On the global economy, Mary O’Grady writes in her WSJ column this week that political leaders are using public angst about the global economy to nationalize key sectors of the economy. O’Grady writes of happenings in Mexico where the PRI view the economic crisis as “a chance to regain power and again practice the potent politics of economic nationalism.” With the U.S. government’s 36% ownership of Citigroup, and Citi’s ownership of Mexico's Banamex, the U.S. is now part owner of the second-largest Mexican bank. Since Mexico's banking law forbids “foreign entities that exercise governmental functions” from investing or participating in the capital stock in commercial banks, a political battle to “Mexicanize” Banamex has erupted—a temptation O’Grady believes should be resisted.

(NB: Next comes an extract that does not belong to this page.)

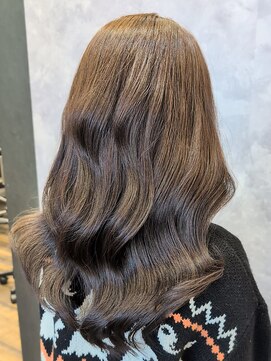 ザ ラブズ ラフズ ヘアー 本店(the loves laughs hair) オリーブベージュ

From the LAT, a piece from Colombia says an assassination plot against Defense Minister Juan Manuel Santos was recently thwarted. The plans, apparently hatched by the FARC, included renting a property adjacent to Colombian Defense Minister Juan Manuel Santos' suburban farm and secreting police uniforms, weapons and motorcycles at the site to facilitate a Holy Week assassination. This was the 11th such scheme uncovered against the minister in less than two years. Santos is a target because he is a front-runner in the 2010 presidential race, and if elected, probably would continue President Alvaro Uribe's hard-line approach to dealing with the FARC. He has received much of the credit for the Colombian armed forces' battlefield successes against the rebels since he became minister in July 2006.

And an LAT piece reports on new water routes for drug and immigrant smuggling as barriers rise along the U.S.-Mexico land border. According to the LAT, more than 310 people have been arrested on suspected smuggling boats since October 2007, more than triple the number from the previous 18-month time period. Additionally, marijuana seizures have also surged, with more than 29 tons seized in the same time frame, a more than tenfold rise from the previous period.

Finally, two pieces from the MH. First, Vice President Joe Biden, speaking in Chile after his visit to Central America, reportedly said the U.S. wants Latin America to play a more active role in organizations such as the World Bank and International Monetary Fund and he also ruled out lifting the embargo on Cuba. On Cuba, Biden said there was a “need for a transition in our policy, but we all share one thing in common: we think the Cuban people should determine their own fate and that they should be able to live in freedom and with some prospect of economic prosperity.” And, in his Sunday column, Andres Oppenheimer writes that a busy election season is likely to increase political tensions in the hemisphere and make economic recovery occur more slowly. Between 2010 and 2012, there will be 11 presidential elections in the region, including critical contests in Brazil, Mexico, Colombia, Argentina and Peru, some of the region's biggest countries. Oppenheimer argues that “if Latin American countries want to join the First World, they will have to do what helps define First World nations: keep elections from translating into economic uncertainty, capital flight and economic chaos.”